Pilots of an Embraer 195 that hit lighting structures on take-off from Belgrade had been warned to check they still had sufficient runway to depart, after lining up at a different intersection than planned, Serbian investigators have disclosed.

The Marathon Airlines twinjet – with 106 passengers and five crew members – had been operating an Air Serbia service to Dusseldorf on 18 February.

Serbian traffic investigation authority CINS states that the crew had calculated take-off parameters for a runway 30L departure from intersection D6. The Serbian aeronautical information publication gives the distance available from D6 as 2,349m.

CINS says the crew testified that the take-off calculation was “double-checked”.

The aircraft was instructed by air traffic control to proceed to intersection D6 via taxiways F, G and A which the crew correctly read back. This taxiing direction would have taken the aircraft past intersection D5 before reaching D6.

But while the crew informed the tower, at 17:35, that they were approaching D6 and were ready for take-off, CINS says the tower controller transmitted an “urgent message” about a minute later, asking if they were aware that they had taken the turning for D5.

The controller pointed out that the available runway length from D5 was only 1,273m and suggested this was not sufficient.

CINS says the crew requested a few moments to carry out checks. The crew subsequently testified that the take-off parameters were checked with the first officer’s handheld tablet.

Although the controller had told the crew that, if necessary, they could backtrack to intersection D6, the crew responded some 30s later that they had confirmed the aircraft could take off. After reconfirming with the crew, the controller gave clearance for a D5 intersection take-off, informing the crew that there was no wind.

E195 damage-c-via Twitter

Source: via Twitter

Collision with the antenna structures badly damaged the E195’s left wing

The aircraft commenced its take-off roll at 17:38. Its crew ascertained, at 80kt, that the take-off was proceeding normally but, at 100kt, realised that the runway end was approaching.

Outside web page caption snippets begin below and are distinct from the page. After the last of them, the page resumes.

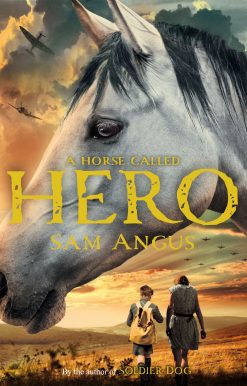A Horse Called Hero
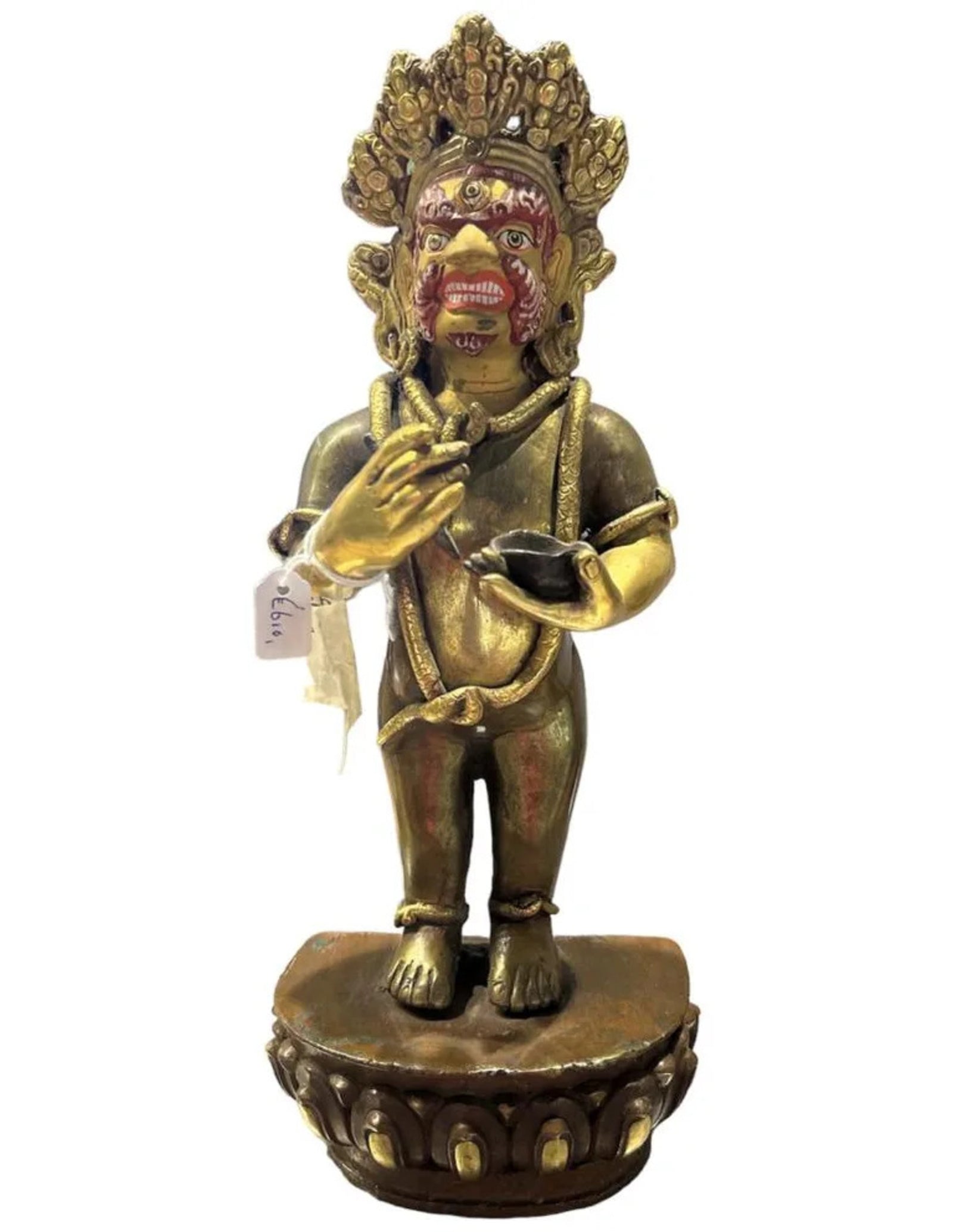 Dharmapala Goldface beeld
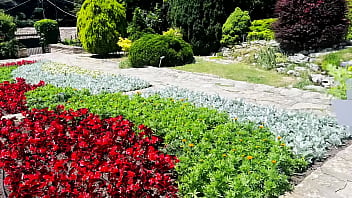 Visiting a castle in beatiful sea promenade town holiday vlog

CINS says the pilots decided the safer course was to continue the take-off, given the aircraft’s speed, and opted to use maximum thrust while delaying rotation in order to use all the available runway.

Tower controllers observed the aircraft become airborne with a “cloud of dust behind” and a “weak climb”, states the inquiry.

Its crew felt the aircraft shake and then heard an impact with an object, after which they began receiving alerts about a number of systems – notably the flaps and bleed air – and started running checklists.

The controller noticed that the aircraft was deviating from its approved course, and asked the crew whether anything was wrong, to which the pilots replied that they would probably need to return to the airport because they had hit something on the ground.

In order to perform checks, and determine the parts of the aircraft affected, the crew carried out two circuits southeast of the airport, and then sought to conduct a low pass in the direction of runway 30L, with the landing-gear extended, for a visual assessment by the tower controllers.

While no problem with the undercarriage could be seen, the crew experienced flap problems and vibrations during the descent but landed safely – at a slightly higher-than-normal speed, but within limits – on 30L at 18:36.

The aircraft taxied to a parking bay and the passengers disembarked through an airbridge while firefighters used foam to deal with a fuel leak from the left wing.

None of the occupants was injured.

Inspection of the far end of runway 30L indicated that the aircraft’s nose-wheel had lifted at the end of the runway, but its main wheels had overrun onto rough ground, transmitting vibrations through the airframe.

The nose-wheel hit control boxes for the runway 12R approach lights, while the fuselage and left wing root ploughed through an ILS antenna support – a relatively strong steel structure – causing substantial damage to the aircraft, and leaving parts of the antenna embedded in the jet’s left wing.

Analysis shows the support broke off from its foundation and bounced off the ground, before damaging the left-hand horizontal stabiliser and landing 90m away.

Several rows of 12R approach lights were struck and damaged by the main landing-gear, while investigators also found evidence that the aircraft’s aft fuselage had contacted the ground beyond the foundations of the antenna support.

The damage to the ILS resulted in its capability for runway 12R approaches being reduced from Category III to Category I.

Examination of the aircraft determined that it had sustained “major damage”, says CINS, with multiple areas of left-side fuselage penetration, damage to the left wing root and leading edge, a deep gash in the left-hand horizontal stabiliser, plus damage to the main landing-gear.

CINS believes the accident resulted from “inadequate assessment” of take-off parameters by the crew, and the decision to depart with a shorter available runway length compared with that initially planned.